Simplicity: The asynchronous API is used to hide the specific implementation details. We can easily integrate this module into the current project without even changing the calling code.
Now let’s see if we can find a way so that even if the load suddenly surges, the efficiency of the system will not drop abnormally.
Of course, the best goal remains that even if pressure surges, the system can still run efficiently and handle as many requests as possible.
To help implement good solutions, compute-cluster does more than just manage child processes and pass messages; it also manages other information.
It records the number of child processes currently running, and the average time each child process takes to complete.
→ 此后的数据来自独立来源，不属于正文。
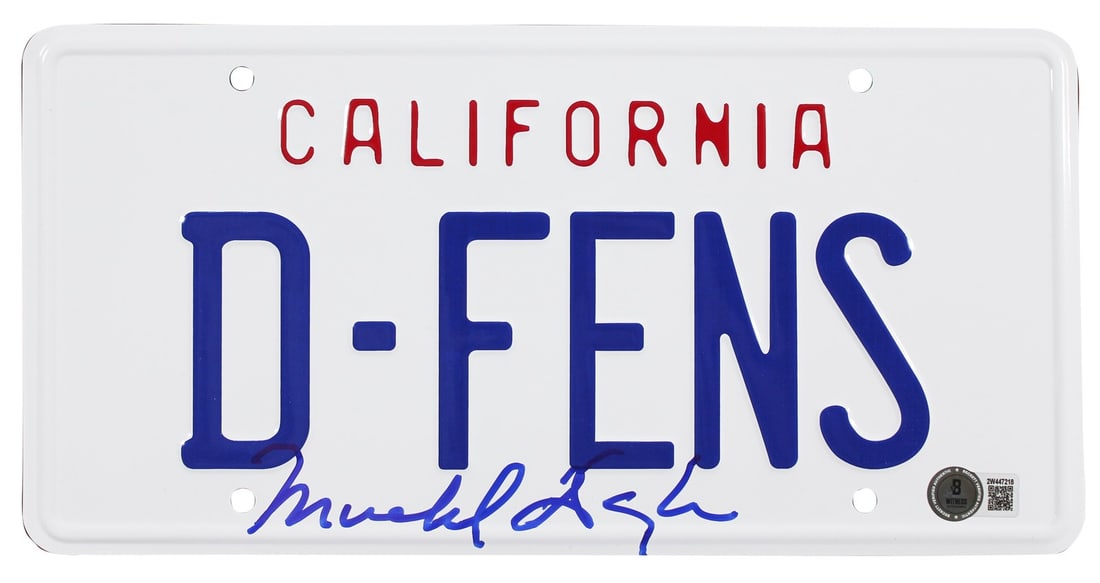 BAS Witnessed Michael Douglas Signed Falling Down D Fens License Plate (1 of 2)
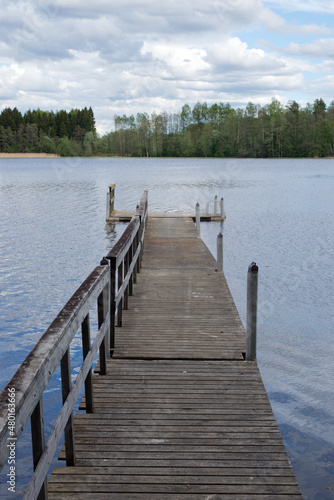 Wallpaper Mural Wooden pier on a lake in summer,  Finland. Torontodigital.ca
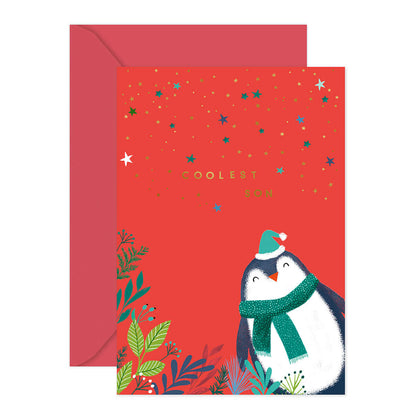 Hallmark Christmas Card - Son with cute penguin design, gold foil lettering, and red envelope, featuring festive colours and details.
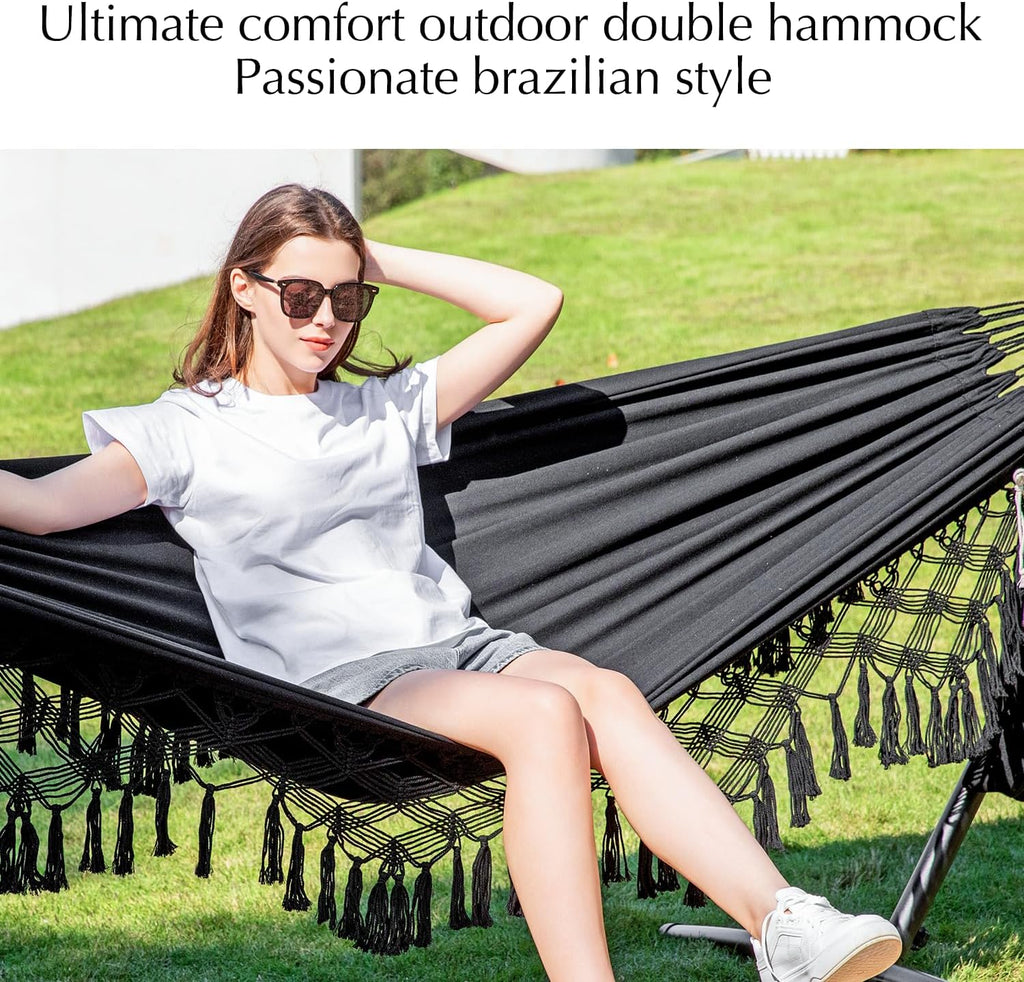 Handmade Tassel Hammocks, Double Hammock with Stand for Outside Indoor Outdoor, Max 450 lbs Capacity, Pillow &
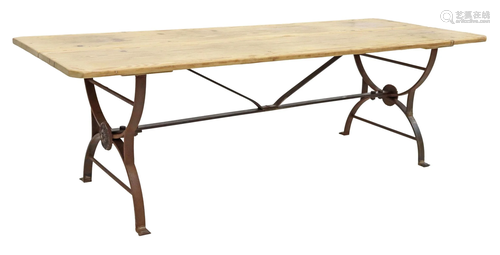 LARGE PINE AND WROUGHT IRON COFFEE TABLE, 63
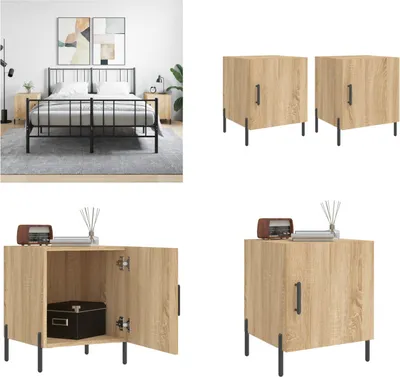 Obrázok produktu pre vidaXL Nočné stolíky 2 ks Sonoma dub 40x40x50 cm materiál na báze dreva - Nočný stolík - Nočné stolíky - Šatníková skriňa - Nočná skrinka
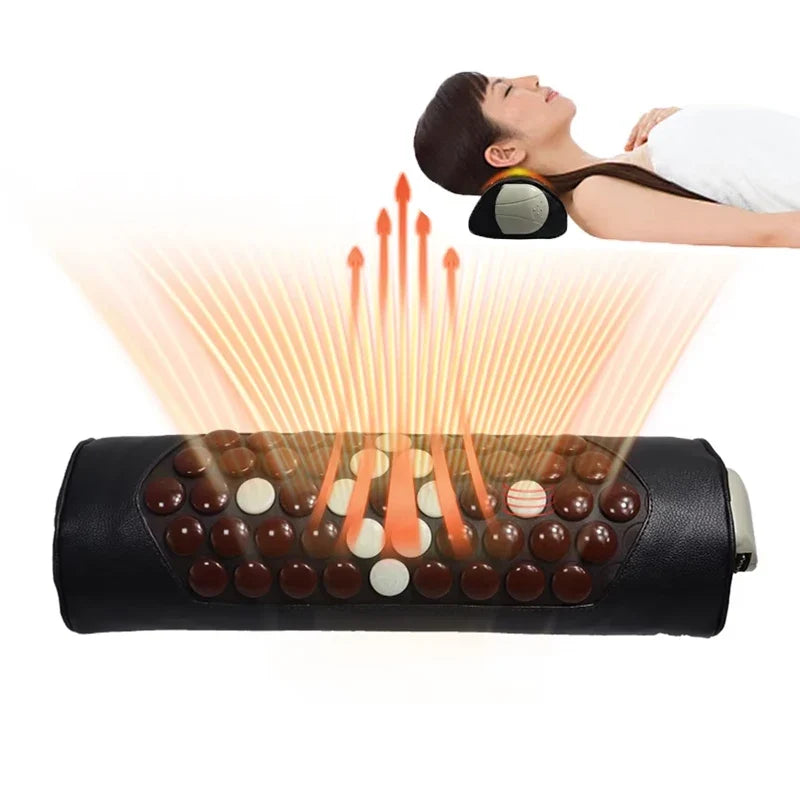 Adjustable Heat Neck Pillow with Jade Tourmaline for Pain Relief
With these records, we can predict how long it will take before the child process starts.
According to this, coupled with the parameters set by the user (max_request_time), we can directly close those requests that may time out without processing.
This feature makes it easy to base your code on user experience. For example, "Users should not wait more than 10 seconds to log in." This is roughly equivalent to setting max_request_time to 7 seconds (network transmission time needs to be taken into account).
After we stress-tested the Persona service, the results were very satisfying.
Under extremely high pressure conditions, we were still able to provide services to authenticated users, and also blocked some unauthenticated users and displayed relevant error messages.